Por eso, cuando una persona habla de un semejante poniéndole etiquetas, hace que vuelva a escuchar la grandiosa frase una y otra vez. Eso quizás influya en mi actual planteamiento de la vida y de cuestionarla de una manera distinta. ¿De verdad merece la pena la contínua “lucha” por la descalificación de otros? La lucha hay que dirigirla hacia otros objetivos más provechosos, hacia un propósito que realmente merezca el desgaste de nuestro tiempo y nuestro ingenio.
A veces pienso que es el miedo. Miedo a que se pueda alterar la dirección que cada uno se marca y que creemos correcta. Miedo a que dañen el bienestar diario sin altibajos importantes. Miedo a alterar una vida insulsa y sin emoción. Miedo a lo desconocido y miedo a lo conocido.

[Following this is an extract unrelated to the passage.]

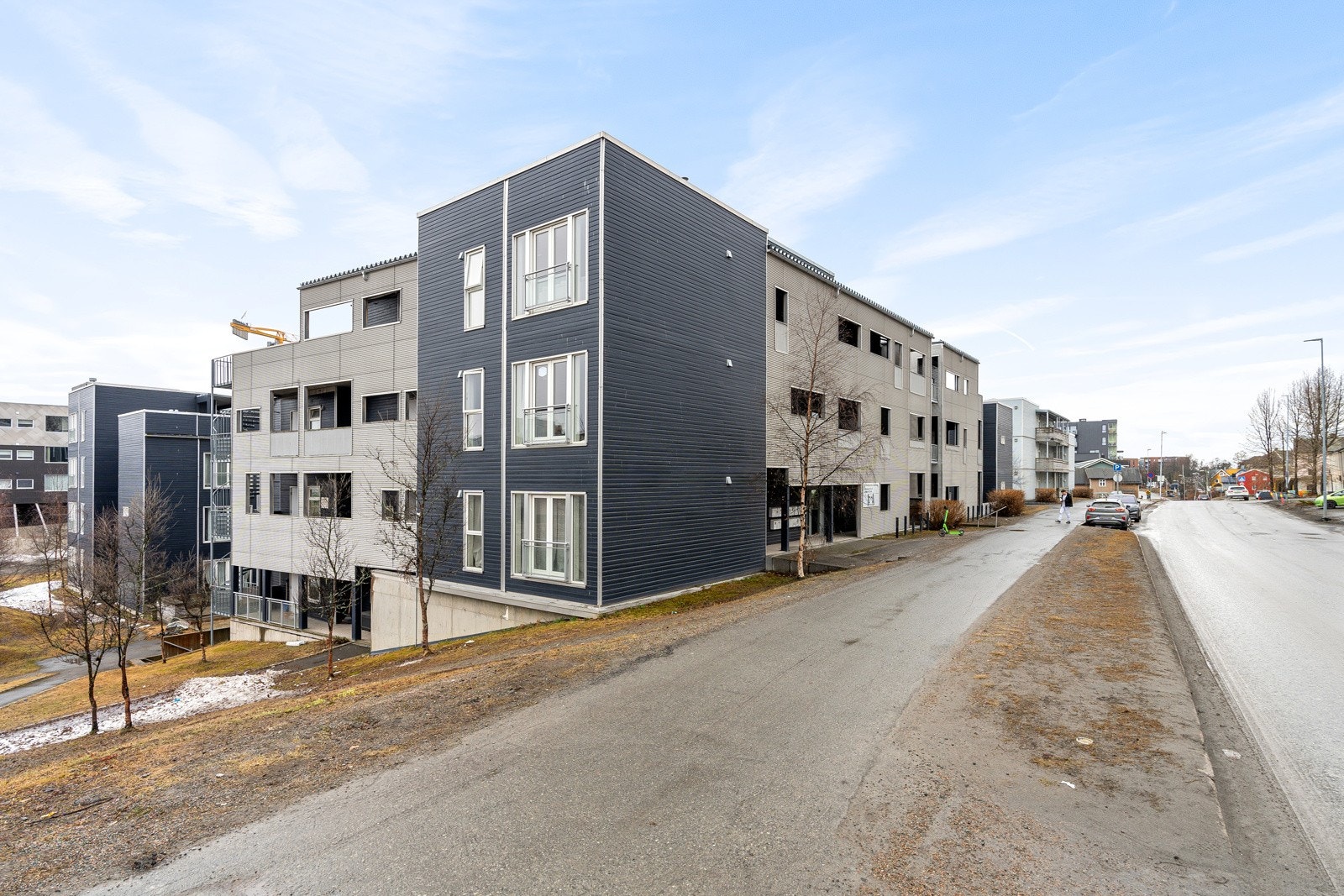 Nærmeste bussholdeplass i umiddelbar nærhet. Gode bussforbindelser med hyppige avganger til bl.a. UNN/UiT. Galleribilde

El instinto de supervivencia del hombre, inquieto y alerta ante un “posible peligro”, hace que, quizás sin pretenderlo juzgue a una persona por su apariencia y si no es del agrado del colectivo se aparta y se critica, sin saber que puede haber dentro.
Son muchas las sorpresas que nos llevamos a lo largo de la vida por este miedo a no dejar paso a nadie en nuestra digna sociedad, que no comulgue con nuestros principios, no engalane su cuerpo como dicta la moda, no hable nuestra lengua, no tenga un trabajo serio o sencillamente no tenga un trabajo….
Es indiferente la apariencia física de una persona: Nadie puede saber como es una mujer por el simple hecho de llevar una falda corta, o como es un hombre por llevar tatuajes. ¿Quiénes somos para clasificar a alguien sólo por la imagen externa que da? Es de una soberbia extrema el intentar excluir a una persona por su apariencia, sin otra razón que el rechazo que puede producir su aspecto.
Por eso es fundamental la educación de nuestro futuro: los jóvenes. Lo realmente importante, es la enseñanza basada en el civismo y en la tolerancia y por supuesto sin imposiciones políticas, religiosas, de moda, de estética o de poder adquisitivo.
Si se deja en manos de la ignorancia el futuro de un pueblo, se contribuye al declive de la humanidad. El respeto, la dignidad y la libertad son claves para un porvenir que se nos presenta incierto.
Abrámos el libro y dejemos que nos diga qué lleva dentro, sin miedo a las sorpresas inesperadas.